Außenaufnahme von dem damaligen Geschäft (Schlüsseldienst) von Theodoros Boulgarides in München. Heute befindet sich dort ein Döner Laden. (Foto: DW/I. Anastassopoulou)
Das damalige Geschäft von Theodoros Boulgarides in MünchenBild: DW/I. Anastassopoulou

"Es geht um die Wahrheit"

Von dem NSU-Prozess erhofft er sich die Wahrheit zu erfahren: Warum konnten so massive Pannen bei der Aufklärung geschehen? Warum sind die Sicherheitsbehörden nicht allen Spuren nachgegangen? Welche Rolle haben die V-Männer gespielt? Warum wurde ausgerechnet sein Bruder von den Tätern ausgewählt? Allein die These, wonach Theodoros mit einem Türken verwechselt worden sei, reicht seinem Bruder Gavriil nicht aus.

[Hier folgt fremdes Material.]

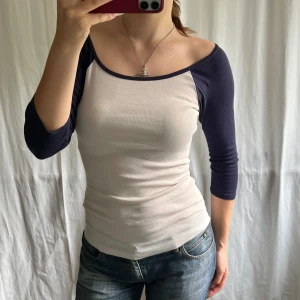 Trekvartströja - Marinblå och vit tröja med trekvartsärmar och båthals från H&M 💓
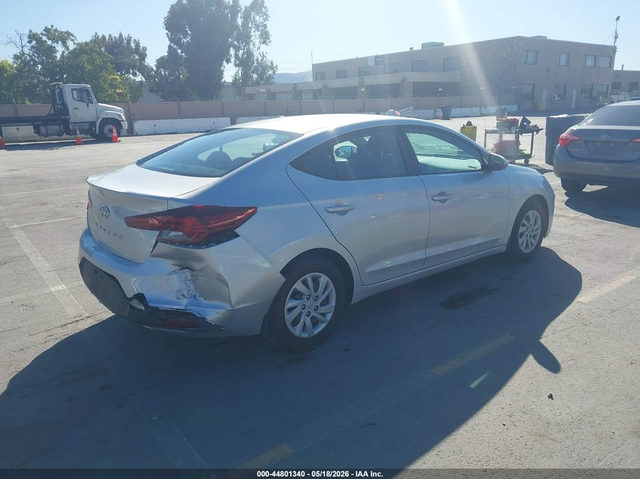 Hyundai Elantra 2.0L I-4 DOHC, VVT, 147HP Front Wheel Drive - автомобили, коли, обяви за нови и употребявани 3
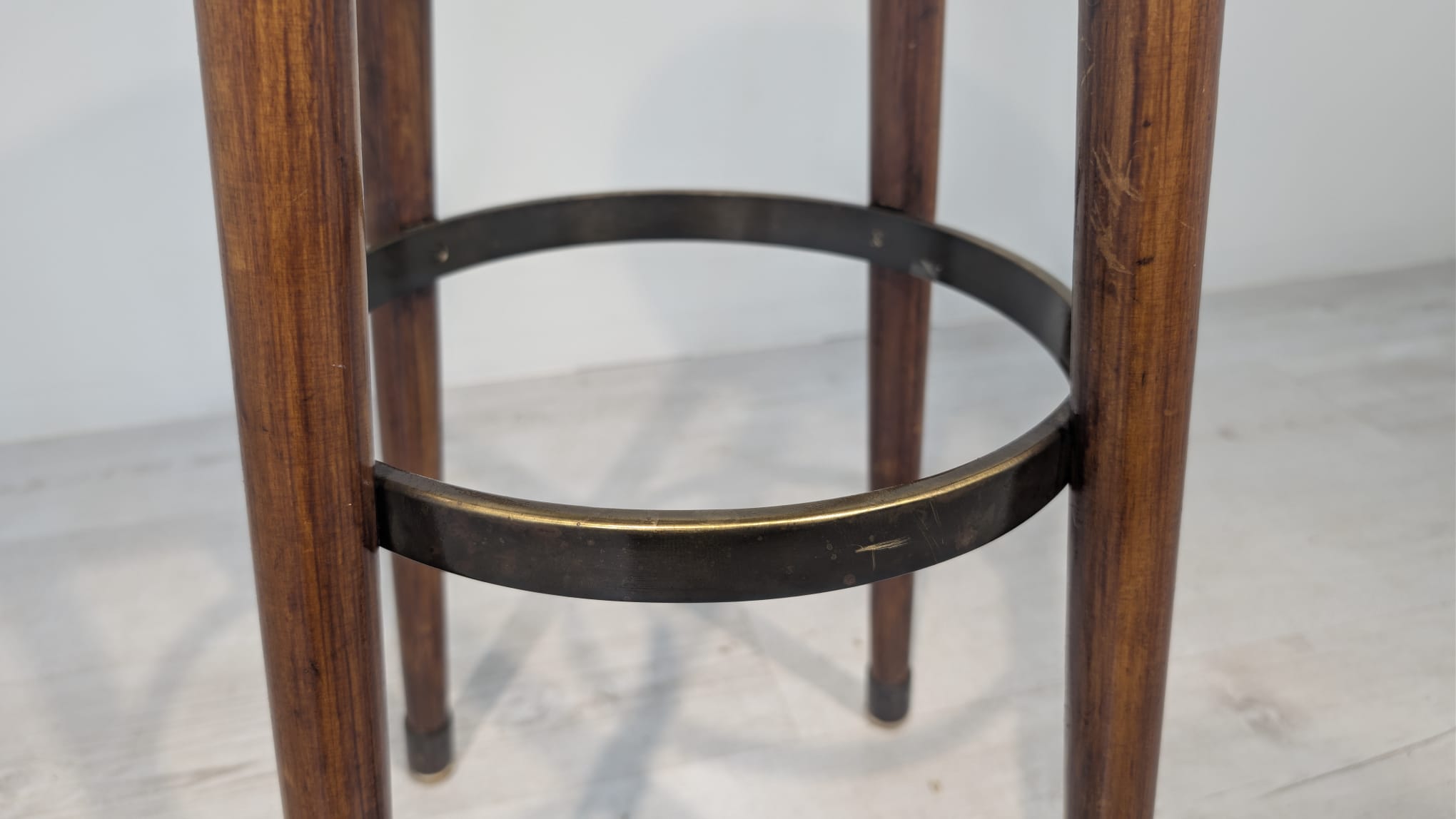 Krzesło, hoker barowy w stylu vintage z lat 50-tych proj. Hansa J. Wegnera - obrazek 7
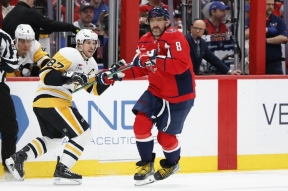 Овечкин остаётся в НХЛ ещё на год: болельщики уговорили капитана «Вашингтона» дожать рекорд Гретцки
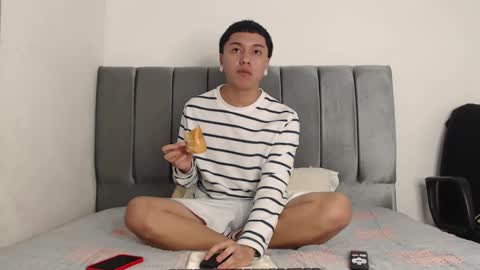 Snapshot of alex__lover chatting on 4, 1, 2025 Owen online show from 4, 1, 2025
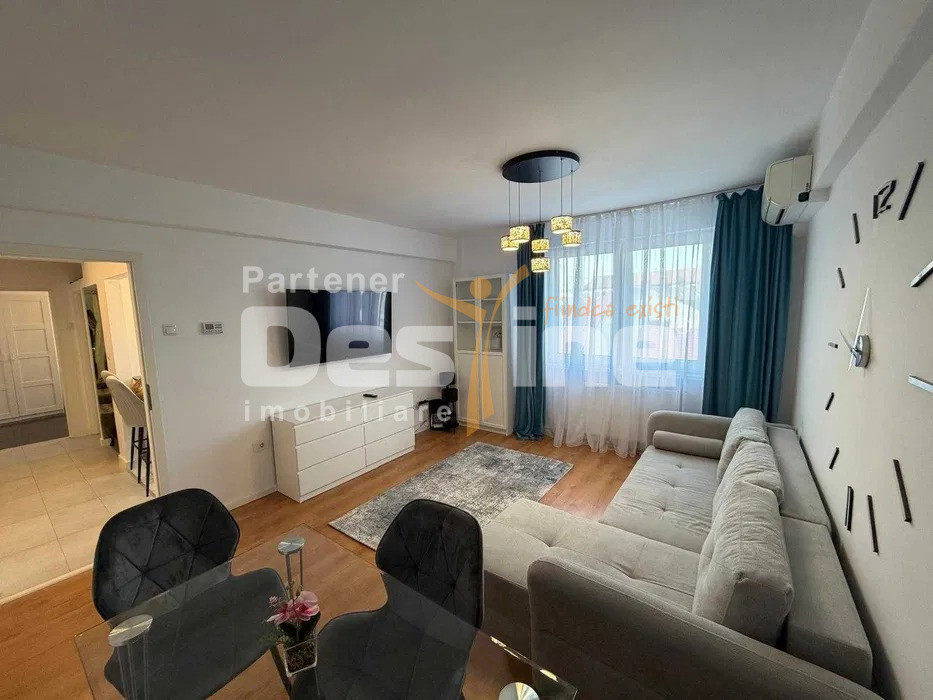 Apartament 2 camere, etajul 2 din 4, Zona Patria 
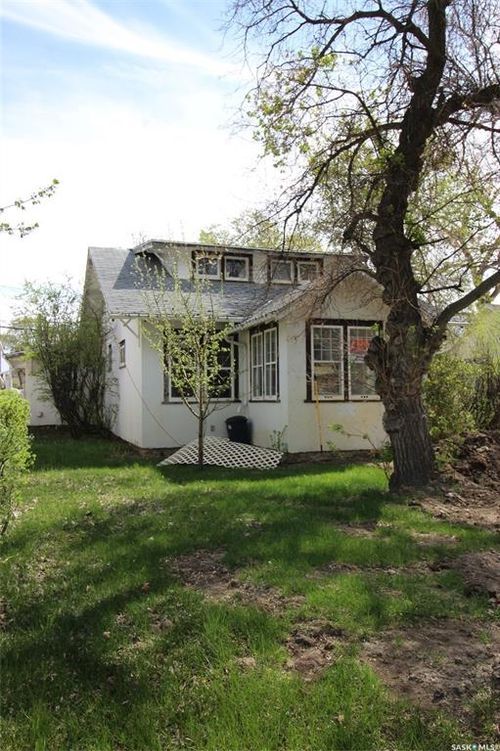 512 1st St W, Shaunavon, SK, S0N2M0 | Card Image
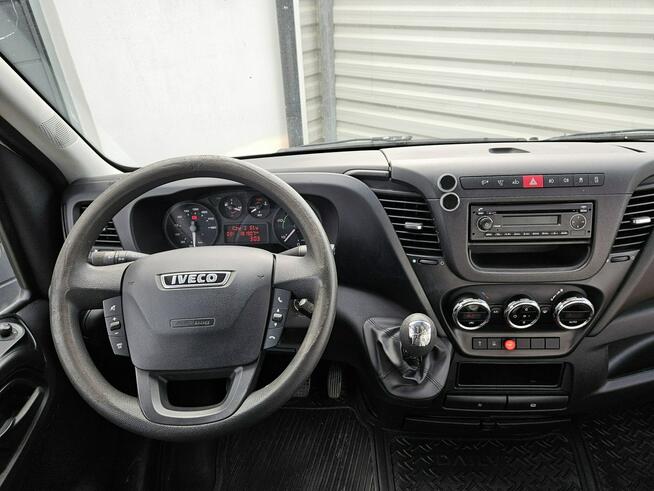 Iveco Daily 35S15 2.3 145KM bezwypadek NISKI PRZEBIEG winda FV 23% KONTENER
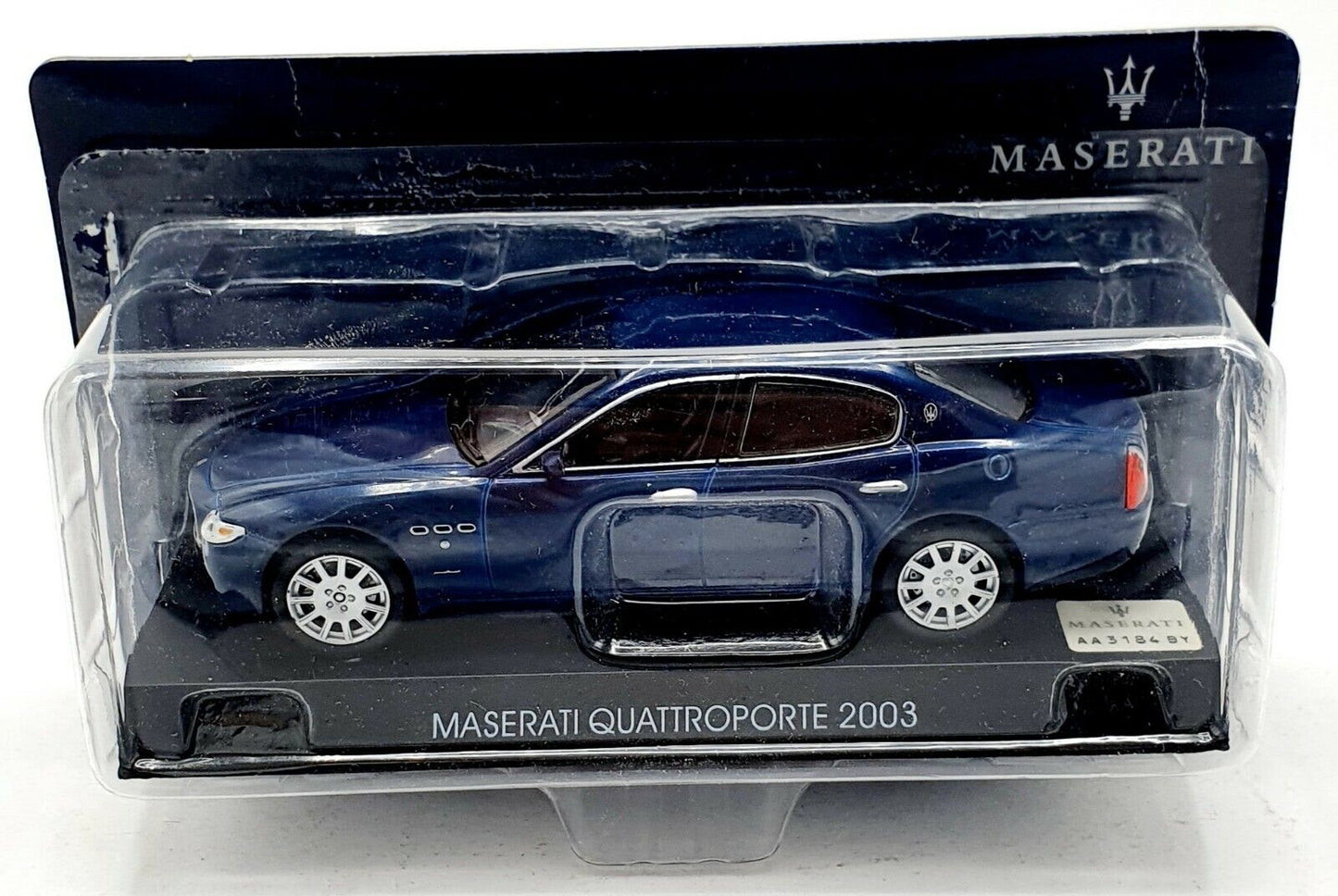 EBOND Modellino Maserati Quattroporte 2003 - 1:43 - 0136.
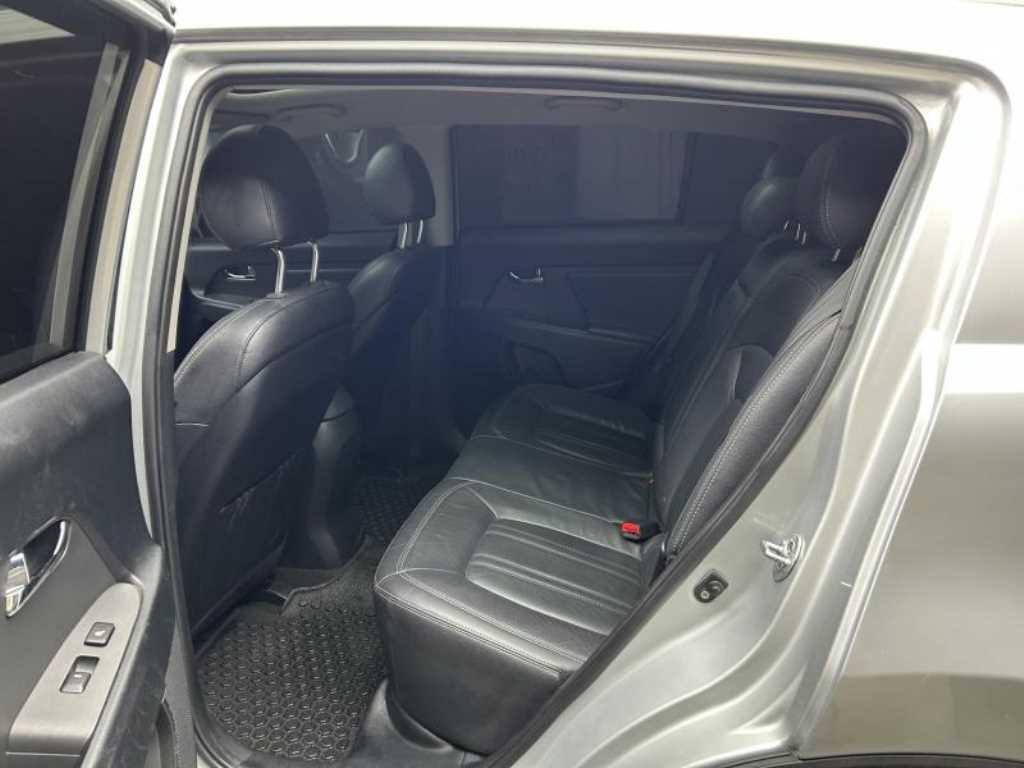 KIA Sportage - Vista 6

"Inwiefern und in welchem Maße die Wahrheit enthüllt werden wird, das ist schwer abzusehen. In diesem Prozess treten wir als Nebenkläger auf. Hätte die Polizei einige Hinweise in Bezug auf andere Morde richtig ausgewertet, wäre mein Bruder vielleicht nie getötet worden", meint Gavril. Er glaubt, dass die Ermittler zwischen 2001 und 2003 über zahlreiche Hinweise verfügten, sie aber weitgehend ignorierten. "Und mein Bruder wurde im Juni 2005 ermordet. Das sind die Dinge, die uns beschäftigen", sagt Gavriil.

Die Witwe Yvonne Boulgarides hat ebenfalls eine harte Zeit hinter sich. Sie verlor ihren Job und versuchte ohne Erfolg, einen neuen zu finden. Heute hat sie eine Arbeitsstelle bei einem kleinen Dienstleistungsbetrieb. Sie ist misstrauisch geworden und versucht, sich auf den Prozess zu konzentrieren. Ihr gehe es nicht um eine möglichst hohe Strafe für die Täter oder um Rache, sondern vor allem um Aufklärung, sagt Rechtsanwältin Angelika Lex: "Warum musste ihr Mann sterben, warum ist er als Opfer ausgewählt worden, warum ist dieser Ort für die Tat ausgewählt worden und dann natürlich auch, warum diese Mordserie nicht schon viel früher gestoppt worden ist."